**PROBLEM DESCRIPTION:** In the listing that follows, find the line with "Kokusai Hotel) 標準單人房、早餐、交通、停車場分享", then copy exactly from it through the line with "Cordoba C12 SP", leaving out every picture.

* * * * *

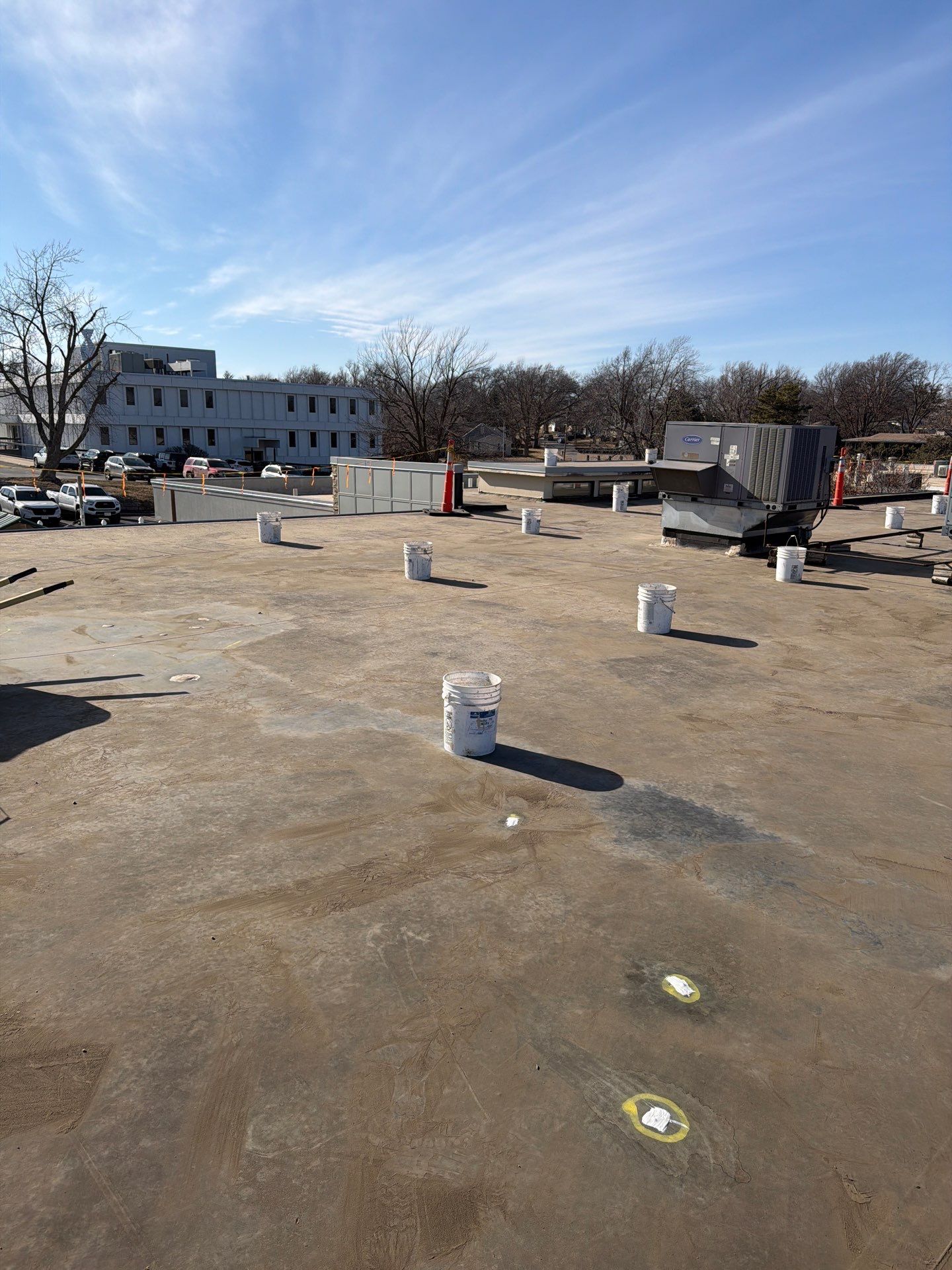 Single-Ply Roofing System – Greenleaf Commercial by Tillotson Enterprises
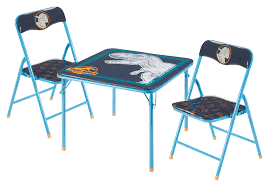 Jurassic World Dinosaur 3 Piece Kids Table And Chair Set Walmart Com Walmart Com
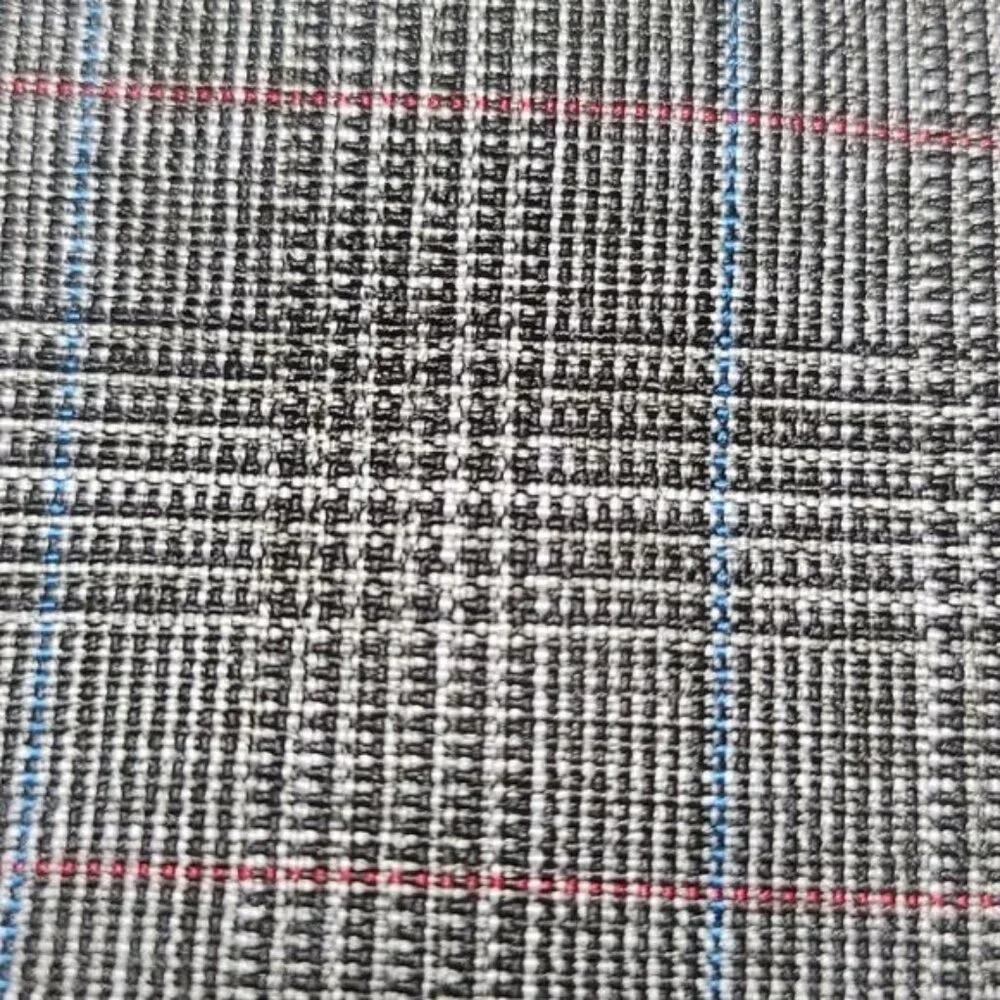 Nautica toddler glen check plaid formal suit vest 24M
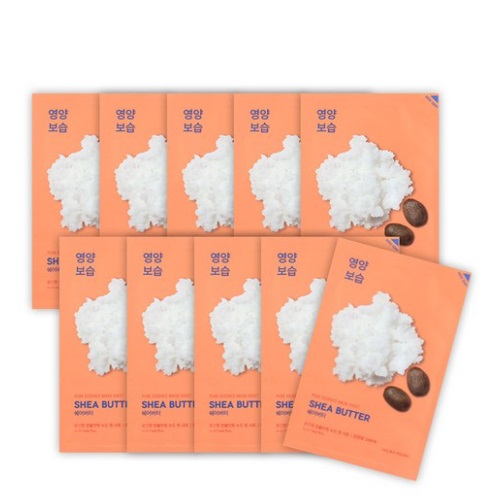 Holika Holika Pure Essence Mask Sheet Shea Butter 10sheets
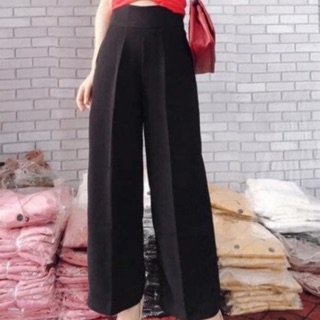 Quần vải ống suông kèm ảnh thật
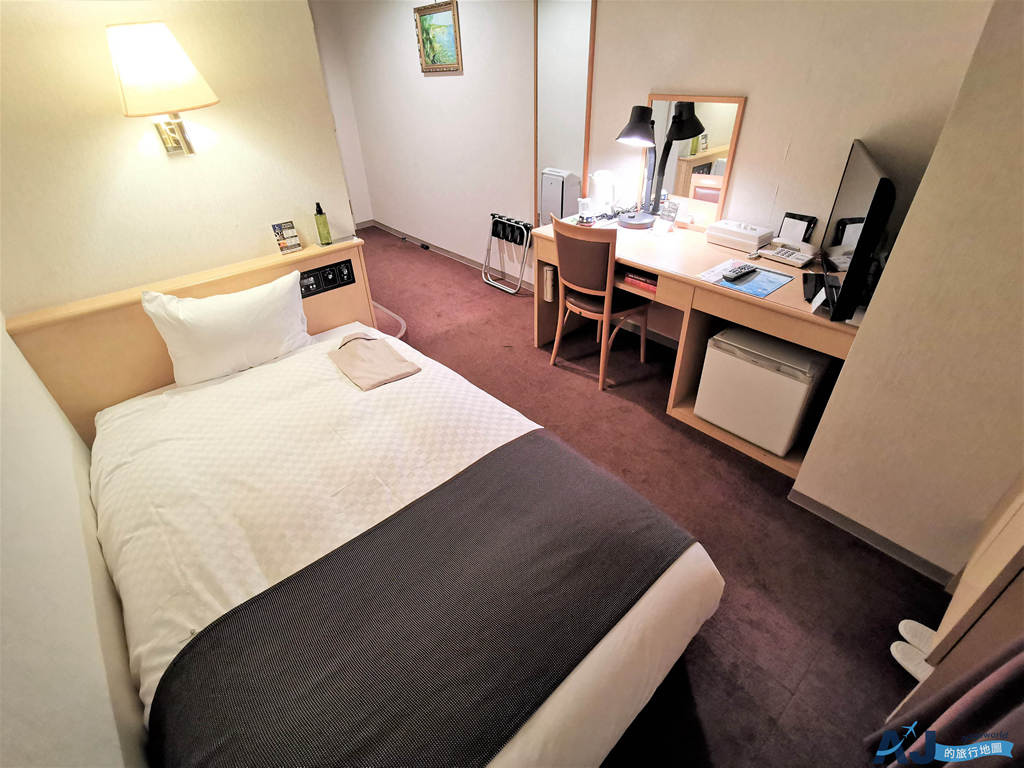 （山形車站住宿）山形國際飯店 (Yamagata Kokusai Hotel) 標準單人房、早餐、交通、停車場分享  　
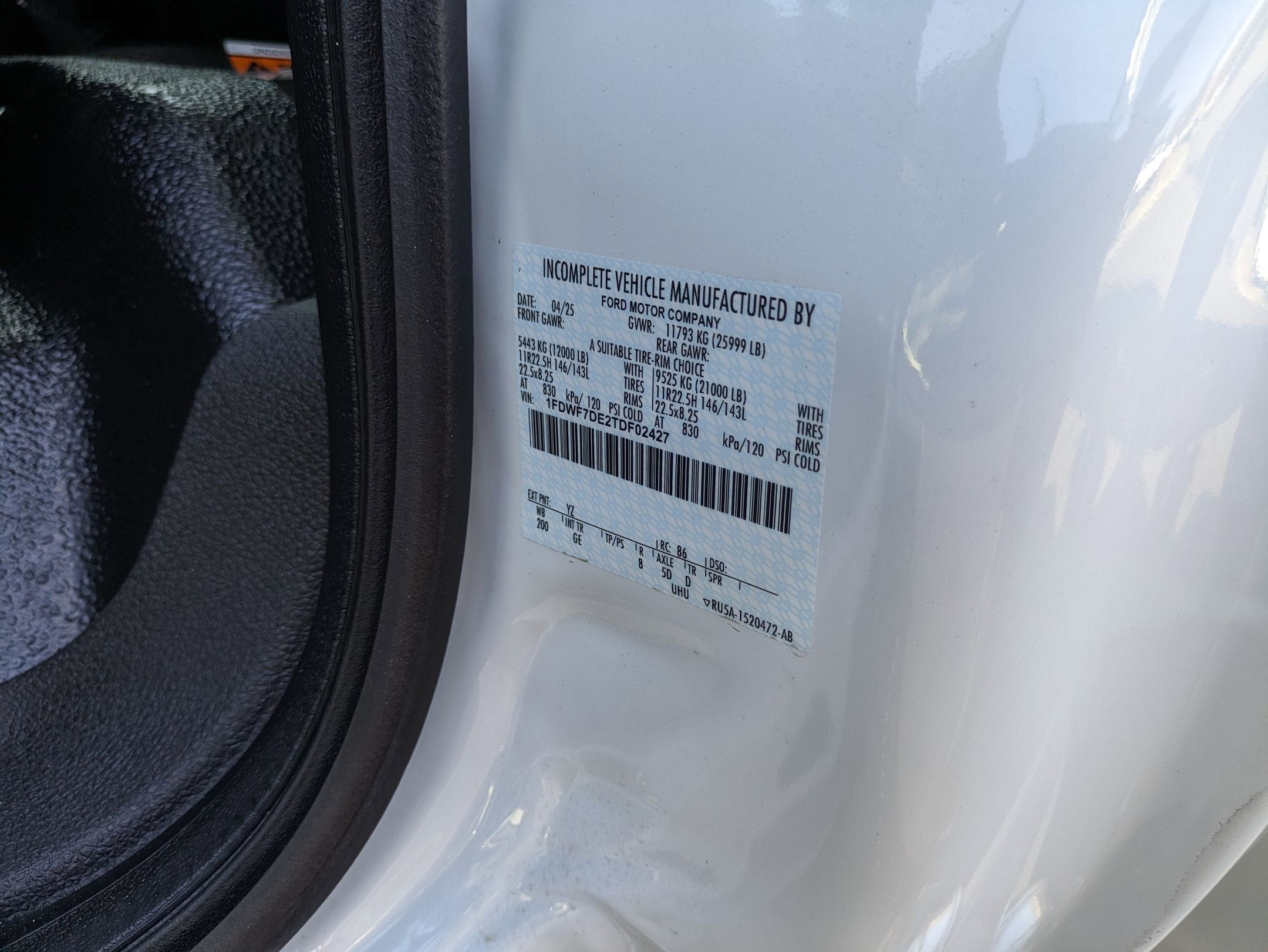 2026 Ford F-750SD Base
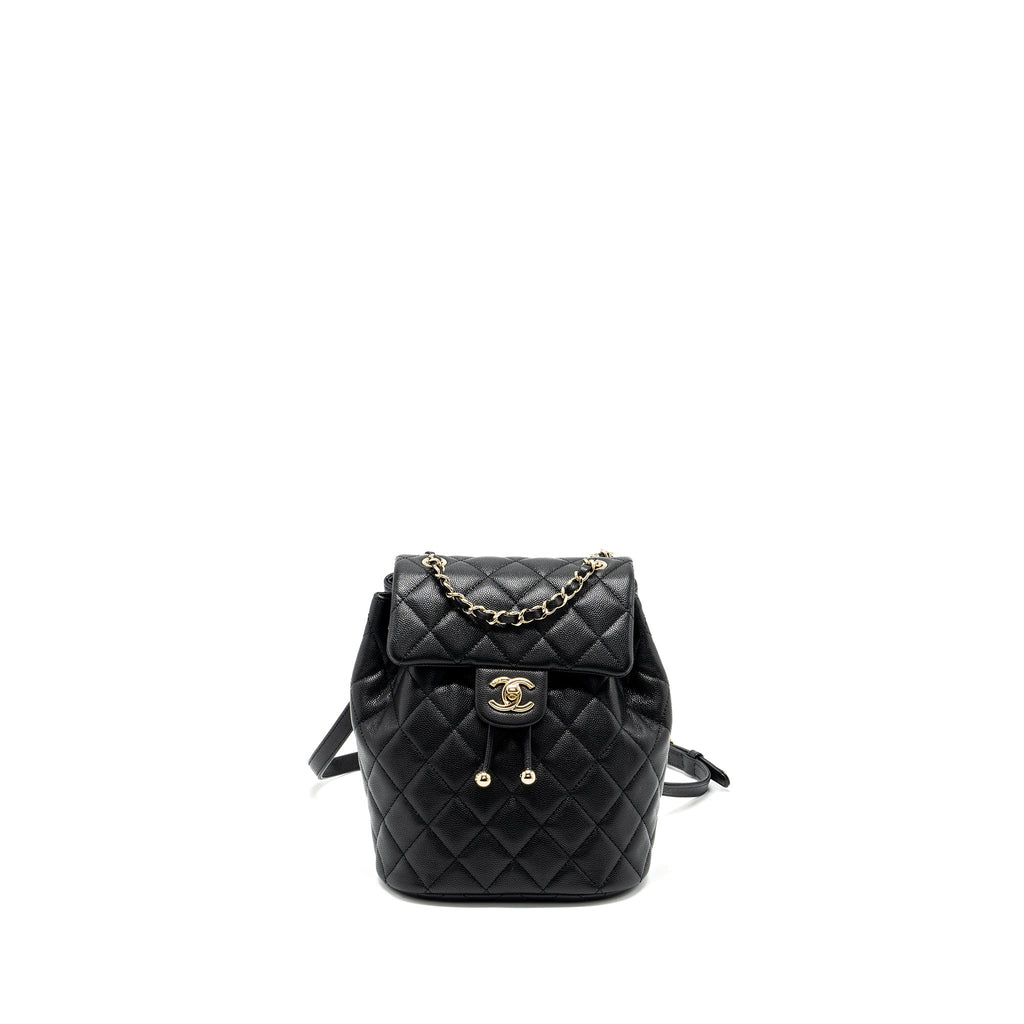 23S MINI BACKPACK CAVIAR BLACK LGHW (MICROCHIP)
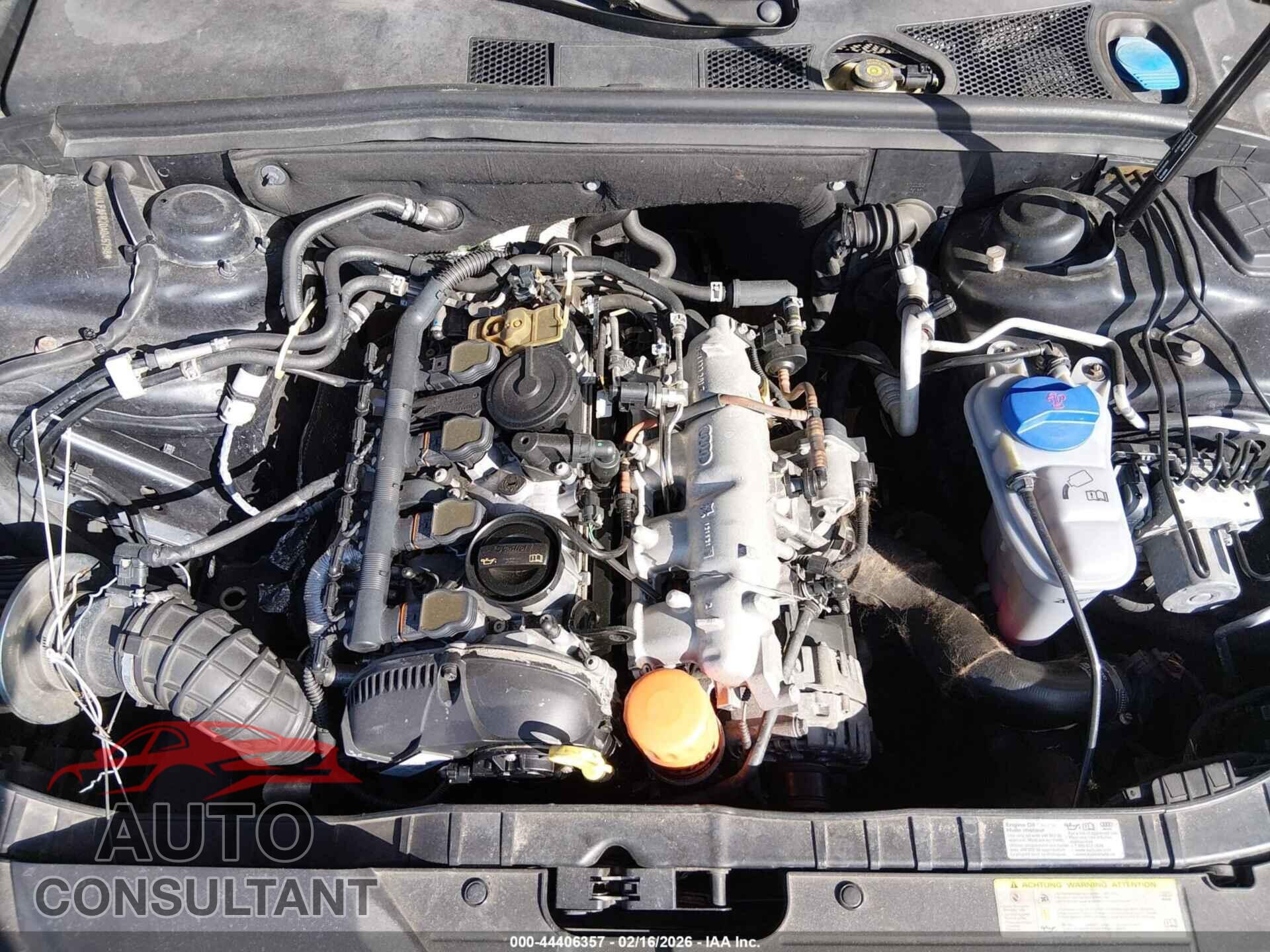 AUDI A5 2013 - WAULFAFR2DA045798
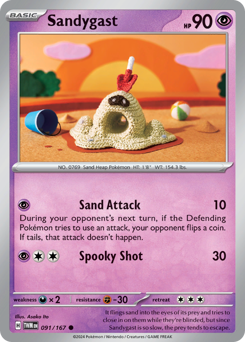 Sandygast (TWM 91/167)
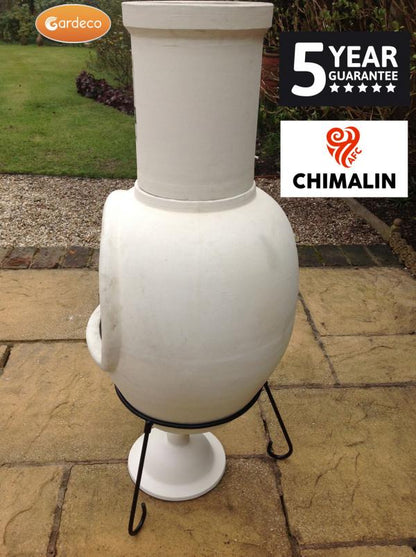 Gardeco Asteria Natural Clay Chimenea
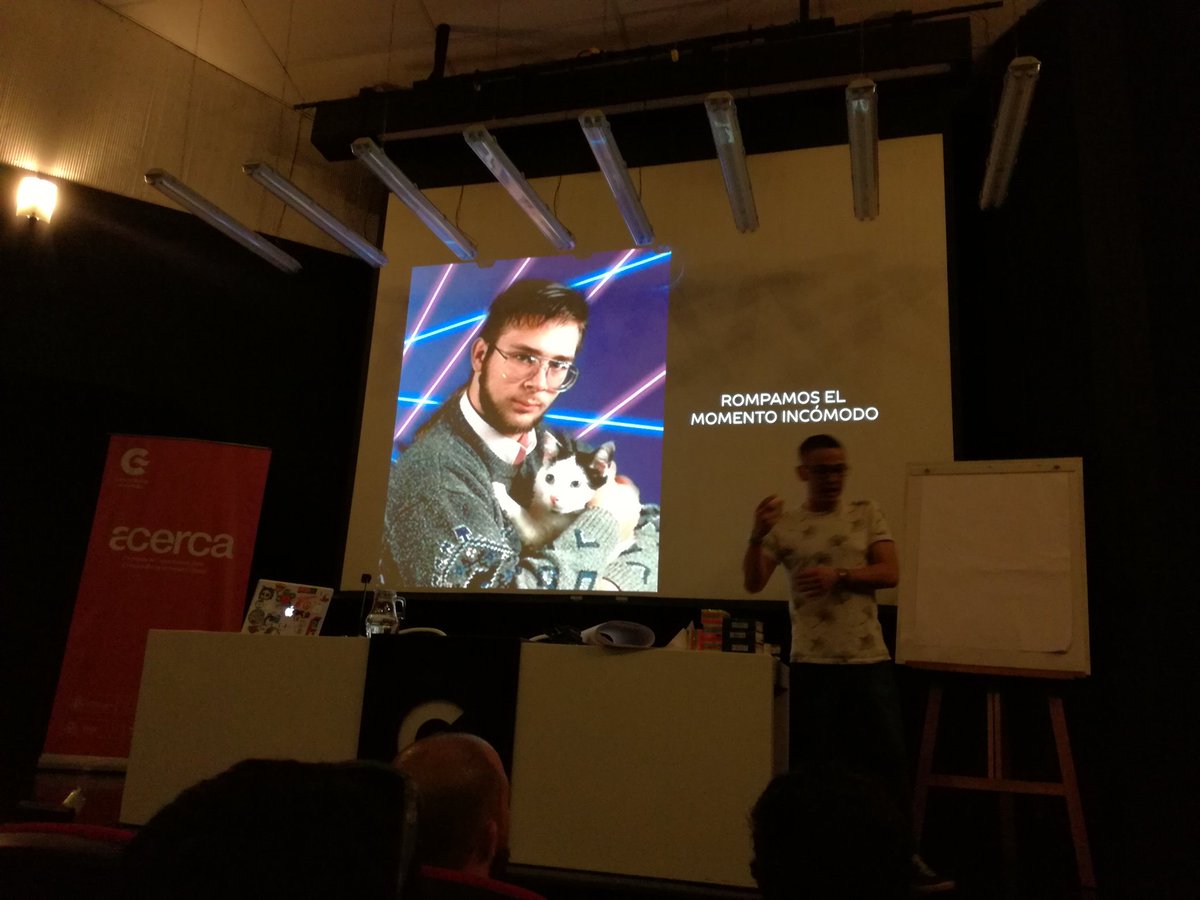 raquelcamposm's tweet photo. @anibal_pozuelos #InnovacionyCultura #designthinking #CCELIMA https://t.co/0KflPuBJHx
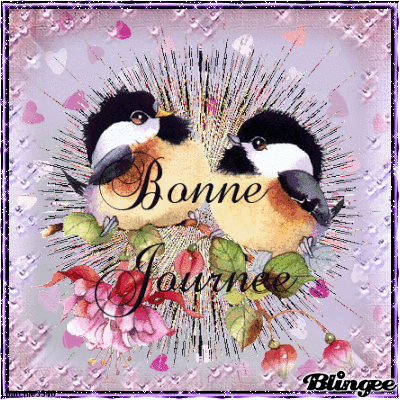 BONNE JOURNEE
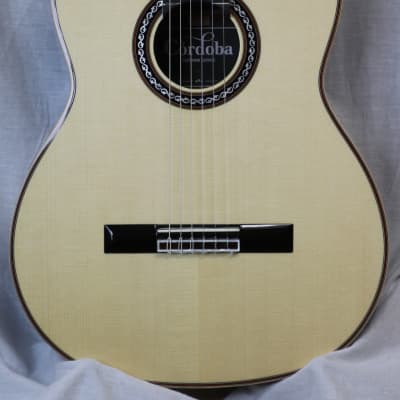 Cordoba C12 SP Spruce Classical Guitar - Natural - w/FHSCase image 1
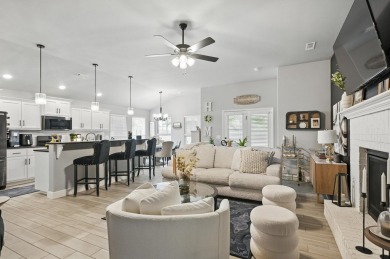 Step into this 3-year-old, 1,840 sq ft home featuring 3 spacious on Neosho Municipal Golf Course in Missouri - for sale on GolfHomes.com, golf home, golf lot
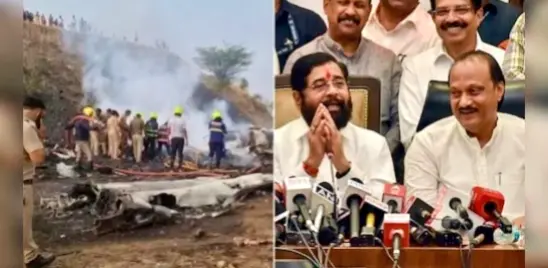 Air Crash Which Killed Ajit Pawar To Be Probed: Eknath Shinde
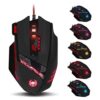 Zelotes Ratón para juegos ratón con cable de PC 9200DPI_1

* * * * *

**SOLVED PROBLEM:**
 （山形車站住宿）山形國際飯店 (Yamagata Kokusai Hotel) 標準單人房、早餐、交通、停車場分享  　
 2026 Ford F-750SD Base
 23S MINI BACKPACK CAVIAR BLACK LGHW (MICROCHIP)
 AUDI A5 2013 - WAULFAFR2DA045798
 Sandygast (TWM 91/167)
 Gardeco Asteria Natural Clay Chimenea
 raquelcamposm's tweet photo. @anibal_pozuelos #InnovacionyCultura #designthinking #CCELIMA https://t.co/0KflPuBJHx
 BONNE JOURNEE
 Cordoba C12 SP Spruce Classical Guitar - Natural - w/FHSCase image 1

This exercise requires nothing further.